The April 15 New York Times article “Southern Cities Split with States on Social Issues” verifies a fact that I hope most Dartmouth students already know: socially and culturally progressive enclaves are alive and well in the majority of Southern cities. Unlike what the article implies, however, these enclaves manifest themselves in more nuanced ways than the simple existence of hipster coffee shops.

This is less evident in the wake of the most recent anti-LGBTQIA laws passed in Southern states. The media has informed us that progressive state governments and organizations nationwide have vowed to boycott these states — vows that I initially supported.

The media, however, failed to inform us of the protesters standing in front of their own state capitols in Raleigh, North Carolina and, yes, even Jackson, Mississippi waving gay pride flags and begging for a reversal of these hateful laws.

The greater problem being ignored is the utterly anti-democratic system where more populous, diverse and liberal Southern cities have little to no representation in state governments.

The national response to the discriminatory law passed in Mississippi seemed to be a resounding, “Well, what did you expect?” It is true that Mississippi has some of the worst social, economic and racial problems in the country. I associate my visits to Mississippi with Confederate flags along the highway. I think of rundown shacks and segregated towns and wide cotton fields that evoke our country’s most evil historical institution.
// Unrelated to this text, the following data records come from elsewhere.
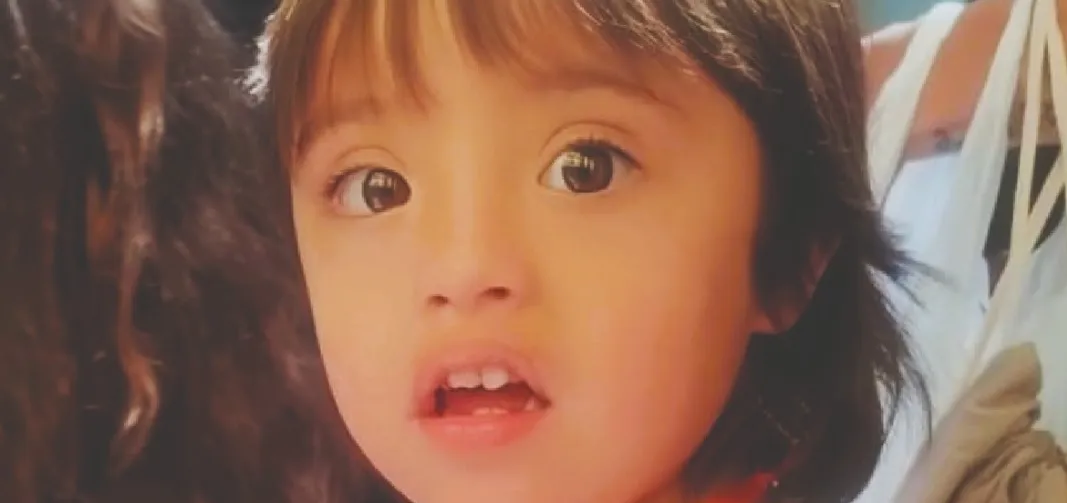 síndrome de down 144pg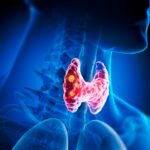 Πότε οι όζοι θυρεοειδούς είναι επικίνδυνοι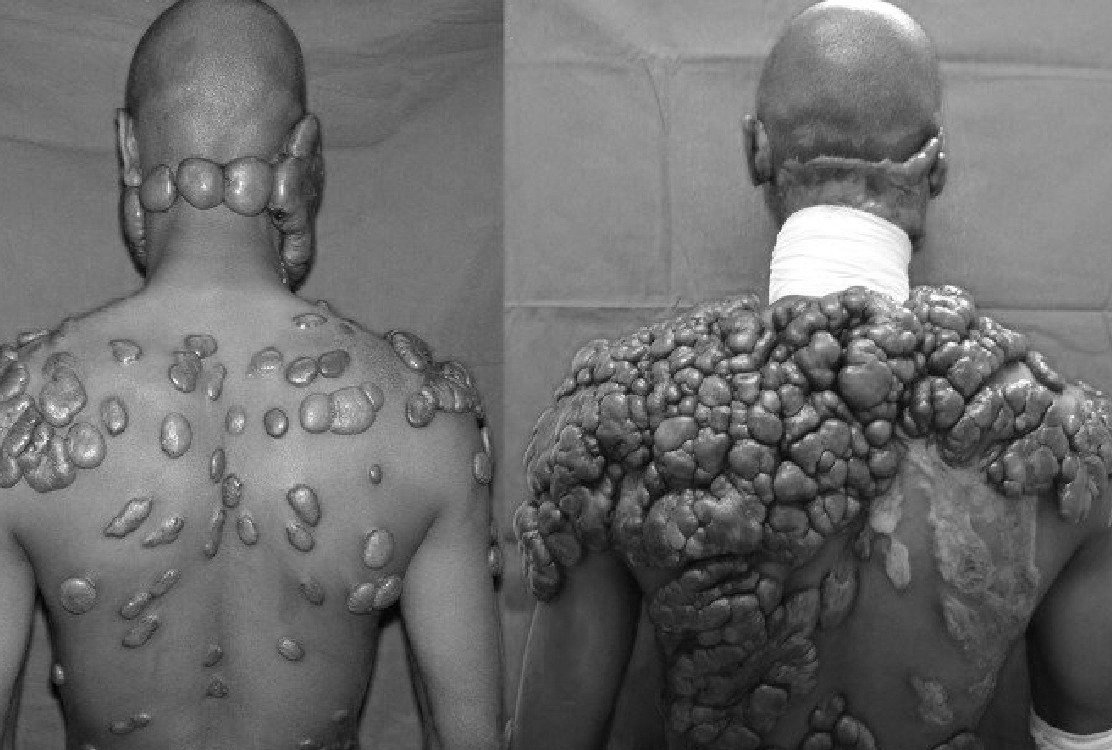 man_with_growing_keloids_for_keloid_treatment_in_turkey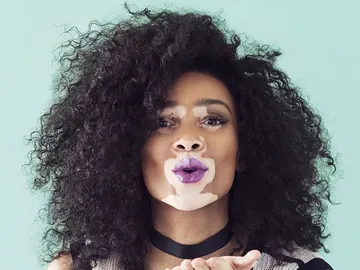 La modelo con vitiligo Winnie Harlow La modelo con vitiligo Winnie Harlow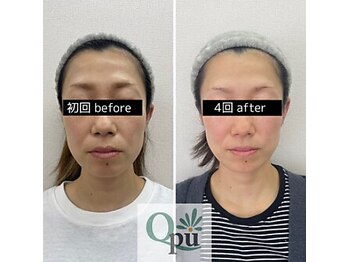 キュープ 鹿児島伊集院店(Qpu)/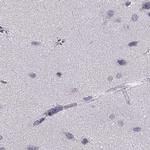 PNMT Antibody in Immunohistochemistry (IHC)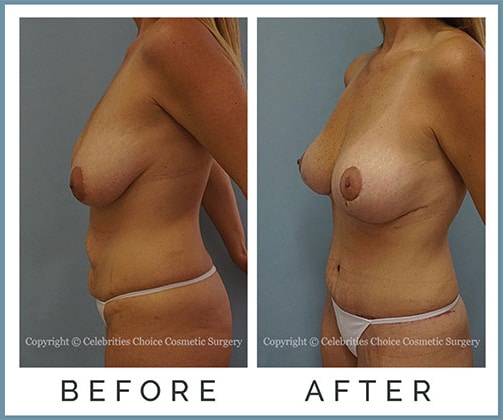 Extended Breast Lift, Extended Tummy Tuck with Muscle Tightening - post several pregnancies, 1 month po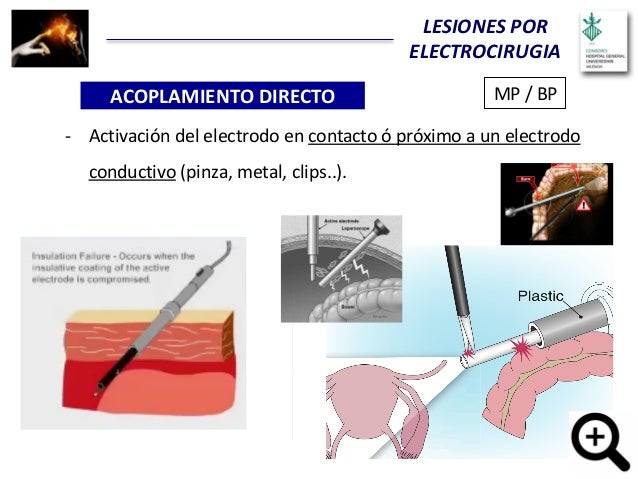 Principios de electrocirugía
Yet I cannot help but think of the unconditional kindness and smiles from strangers I encounter when I’m driving through my neighboring state — something I rarely experience in New England. I think of the Mississippi women from my rural Southern summer camp who were some of the most thoughtful and intelligent people I have ever met. I think of our family friends from the university town of Oxford, Mississippi who are possibly the most adamant Bernie Sanders supporters I know.

Our region’s culture is entrenched in a history more problematic than the north. That is not to say the rest of the country lacks its share of grave social, economic and racial problems. Within our Dartmouth bubble, it is easy to forget about the social ills and poverty that plague much of rural New Hampshire and Vermont. But history’s legacies in the South are greater and more visible because our progressive enclaves are not as strong or influential as elsewhere. Thus, our institutions of education and socio-economic infrastructure have failed us when we have tried time and again to improve.

I’m now not so sure how effective outright bans are in the states whose bigoted governments passed these laws. These bans perpetuate the misconception that only an extreme minority of Southerners seek progressive improvement, which in turn leads to ubiquitous disgust of the South among those who have never visited it.

If the South is the butt of all jokes because of our supposedly change-resistant, backwards culture, how can the rest of America take our region’s systemic problems seriously, if they don’t believe we can or want to change? When Dartmouth students truly believe that their spring break training trip to Georgia will be an exotic and frightening cultural experience, how could I ever convince anyone that Atlanta or some other thriving Southern metropolitan area would be an amazing place to work, live and affect change after graduation? Why do we politically-charged students advocate for improving our country’s devastating inequity, and yet shudder when a friend accepts an internship with a health care provider in rural Alabama, simply because “rural Alabama” connotes some immoral, anti-intellectual place?

I encourage those not from the South to realize that most Southern communities are diverse and full of individuals whose last wish is to spread hate. I urge you all to challenge the way you may generalize or judge this extremely large and diverse part of our country. Instead of rolling our eyes at Southern ignorance spewing from the media, let us show the same amount of compassion and concern we would show if these laws had been passed in a liberal Northern state. That would be unacceptable, and the integrity of the lawmakers would be questioned rather than that of the entire state’s population. To me, this double standard is disheartening.